There is no permanent capital. The Mwali's rotating seat means that political prestige follows the host cycle, and states compete for the honor. Smaller states sometimes trade their hosting rights to larger ones in exchange for economic concessions, a practice called kusafirisha kiti, "passing the seat."
Money
The confederation keeps no coin. It mints no metal, and the iron-reckoned standard of the Middle Sea and the weighed silver of the southern sea both stop at its border. Dalizi reckons its wealth in cattle. A head of cattle, ng'ombe, is the unit every debt is named in, and like a banker's iron piece it is mostly notional — the cattle named in a contract rarely walk anywhere. Settlement happens in bars of lake salt and stamped lengths of cloth, issued by the member states and valued against the cattle reckoning.

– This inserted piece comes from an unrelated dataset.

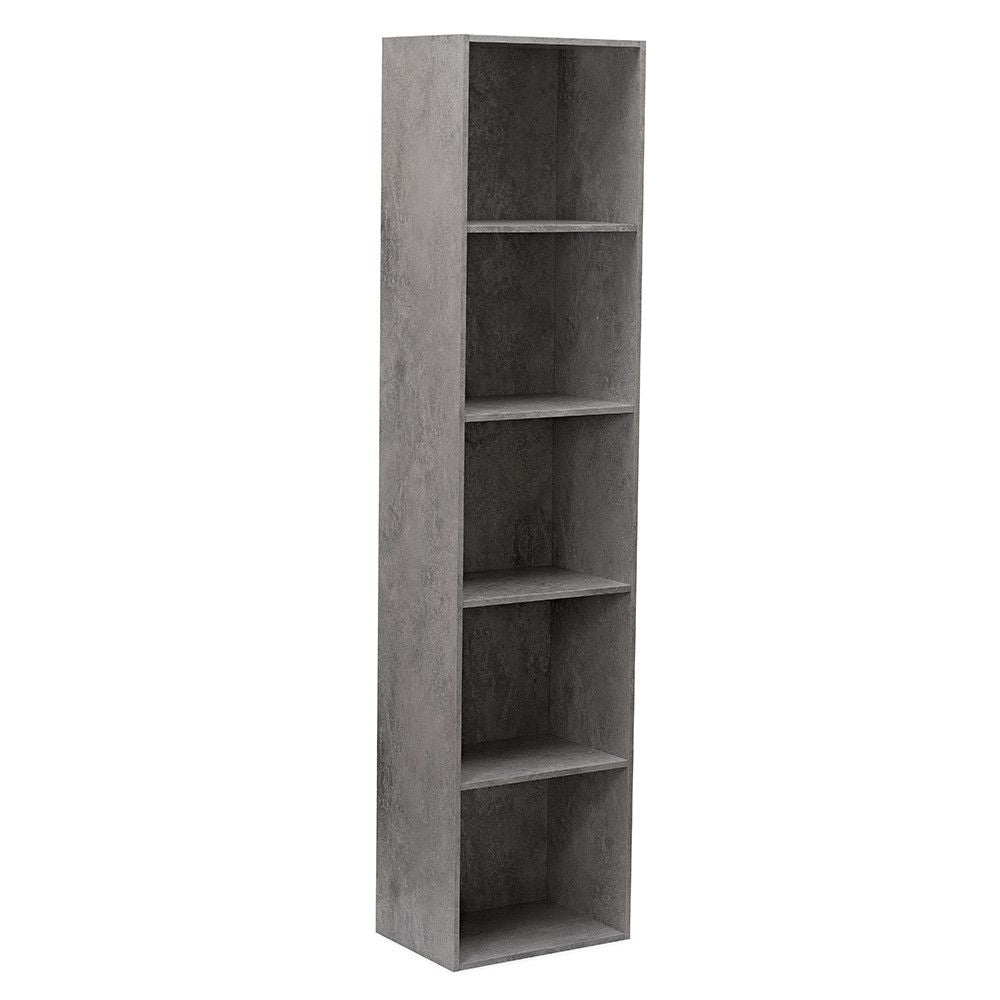foto del prodotto libreria in legno 5 ripiani scaffale cemento l 40 x h 29 x h 172 cm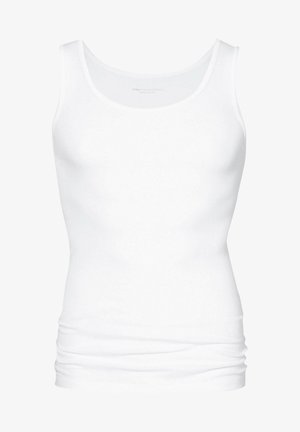 Weißes Tanktop aus 100% Baumwolle. Hat einen runden Halsausschnitt und ärmelloses Design mit einer glatten, weichen Textur.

What makes the arrangement live is who sets the rate. Each year the Mwali fixes the salt-to-cattle and cloth-to-cattle rates at whatever city holds the rotating seat, which hands the confederation's money to whoever is hosting, and the host shades the rate toward its own salt and its own cloth every time. The shading is as old as kusafirisha kiti and about as provable as a herd count. Because the whole reckoning rests on cattle, a hard season of raiding moves the money all at once: a bloc that loses its herds watches its salt and cloth inflate against a unit it can no longer field, while the raiders who took the cattle find their own goods worth more. The seat-cycle and the money-cycle are the same cycle, and the two grievances feed each other.
The cattle reckoning barely crosses the confederation's edge. A trader carrying goods down to the lake ports converts there into southern silver marks, at a rate that runs, in the end, back to the Adron banks across the sea.
Key Sub-Regions
The Dalizi Highlands occupy the elevated terrain north and northeast of the lake: a zone of peaks, passes, and deep valleys bounded on the north by the Thundering Mountains, beyond which lies the Wanderlands. Within the Highlands sits the Dalizi Wildlands, an ancient forest of concentrated leylines and deep magical heritage. The Pool to Infinity and the forest of Nykotheryx Amberylika, where bone-and-silver totems hold the lingering spirits of ancient dark-elf leaders, are its most significant features.
The western and southern states occupy the savanna and lowland plains. These states—among them Dhabisa, Nikpato, Misanda Mulu, and Taulo Magi—form the agricultural and trade backbone of the confederation. The southern frontier runs against Emblydium and the foothills of the Dragon's Spine.
Political Tensions
The confederation's primary fault line runs between the highland states and the lowland majority. Highland delegates argue their terrain provides a defensive buffer for the whole confederation and demand greater resource-sharing in return; lowland states counter that the highlands produce little tradeable surplus.
The Mwali has no enforcement mechanism beyond expulsion—a sanction no large state has ever faced. Three member states maintain standing armies exceeding confederation treaty limits, which smaller members view with suspicion but lack the votes to formally censure.